Cristiano Ronaldo has become the first footballer to be listed as a billionaire while still playing, after Bloomberg’s Billionaires Index added the 40-year-old Al-Nassr striker with an estimated net worth of about $1.4bn. The new valuation, reported this week, reflects a surge in his earnings after signing an extended deal in Saudi Arabia.
Bloomberg’s assessment follows Ronaldo’s latest contract move at Al-Nassr, reported to be worth more than $400m, and decades of commercial income anchored by a long-running Nike agreement and endorsement lines with fashion and consumer brands. According to coverage of the ranking, Ronaldo has earned more than $550m in salaries since 2002, with sponsorships contributing hundreds of millions more.
The Portugal captain’s inclusion places him in a small club of athlete-billionaires that includes Michael Jordan, Magic Johnson, LeBron James, Tiger Woods and Roger Federer. It also underscores the financial pull of Saudi Arabia’s Pro League, which lured Ronaldo from Manchester United in late 2022 on a record package that made him the world’s highest-paid footballer.
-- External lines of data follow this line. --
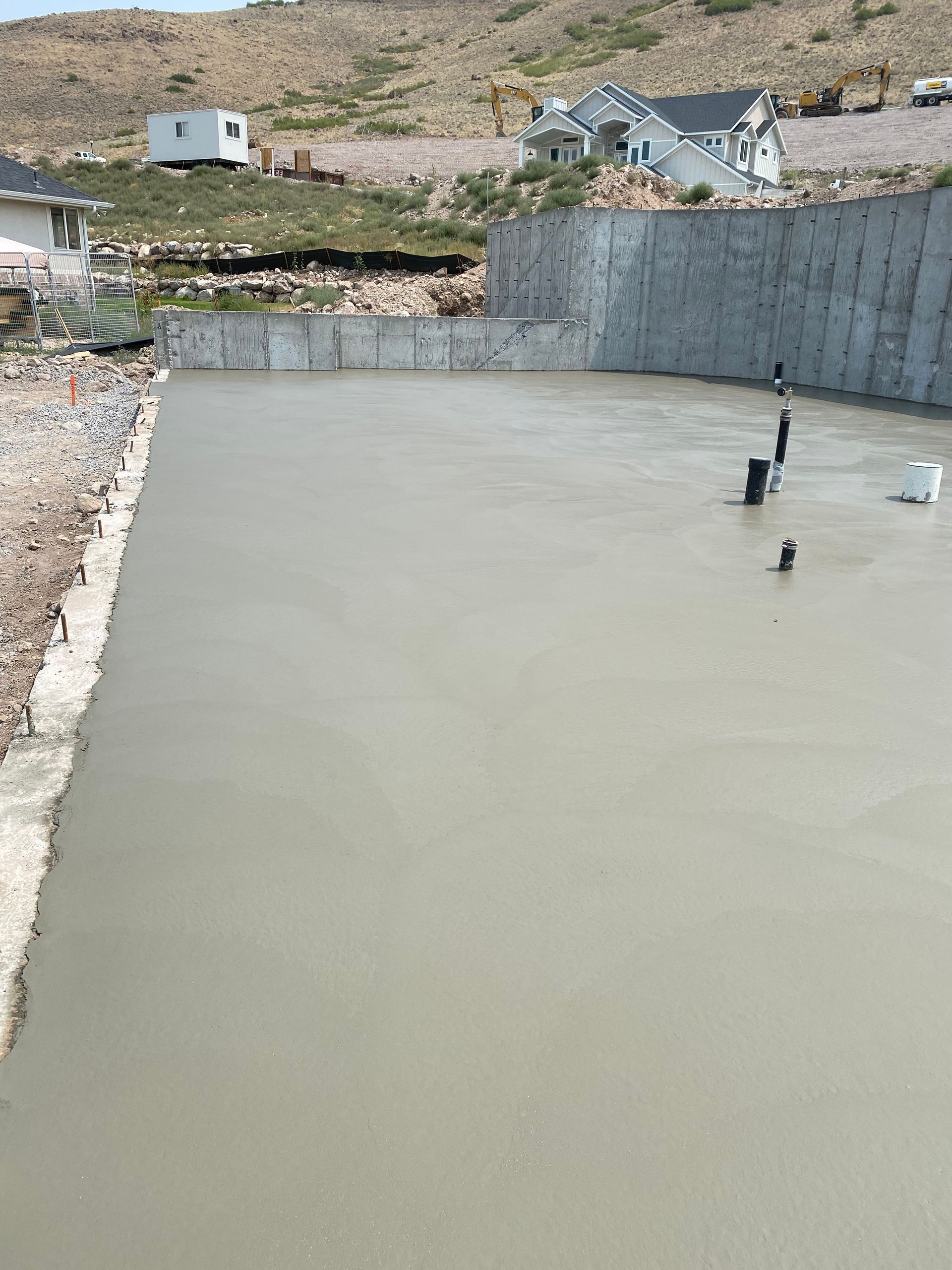 Freshly poured concrete foundation; construction site with retaining wall and hillside backdrop.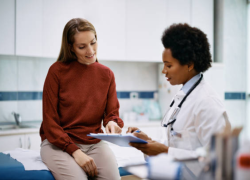 Una proveedora médica habla con una paciente.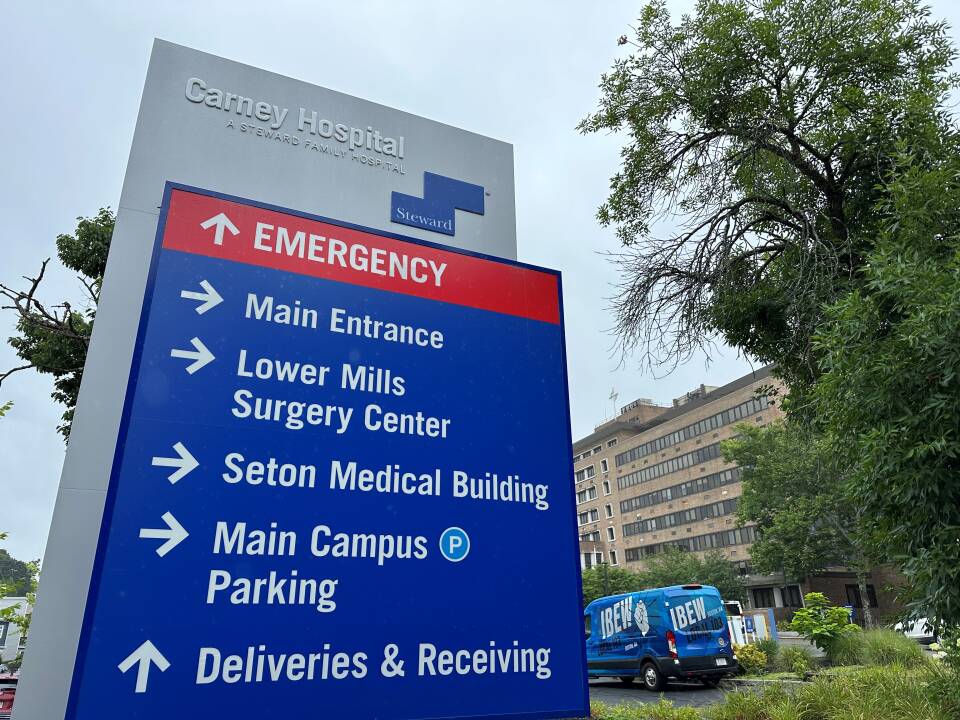 A sign points to various entrances of Carney Hospital.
Speaking at the Portugal Football Globes gala, where he received the Prestige award, Ronaldo signalled he is not contemplating retirement, despite family pleas to call time on a career that has already delivered five Ballons d’Or and more than 900 senior goals. “I still have a passion for this… I know I don’t have many years left to play, but the few I have left, I have to enjoy them to the fullest,” he said.
Ronaldo remains men’s international football’s all-time leading scorer and a central commercial figure in the sport’s global economy. His off-field portfolio includes fashion, fragrance, hospitality and fitness ventures built around the CR7 brand—interests that, alongside social-media reach in the hundreds of millions, have helped sustain his marketability well into his fourth decade as a professional. (Bloomberg’s list tracks net worth rather than career earnings; Forbes previously reported Ronaldo as the first active team-sport athlete to surpass $1bn in cumulative earnings back in 2020.)
The milestone arrives amid a broader rebound for Ronaldo-linked assets: Al-Nassr matchdays and shirt sales have benefited from his presence, while the Saudi league’s international visibility has grown as it continues to attract high-profile signings. Whether Lionel Messi—who joined Inter Miami in 2023—will eventually match his great rival in billionaire status remains to be seen, but for now, Ronaldo stands alone atop football’s financial rankings.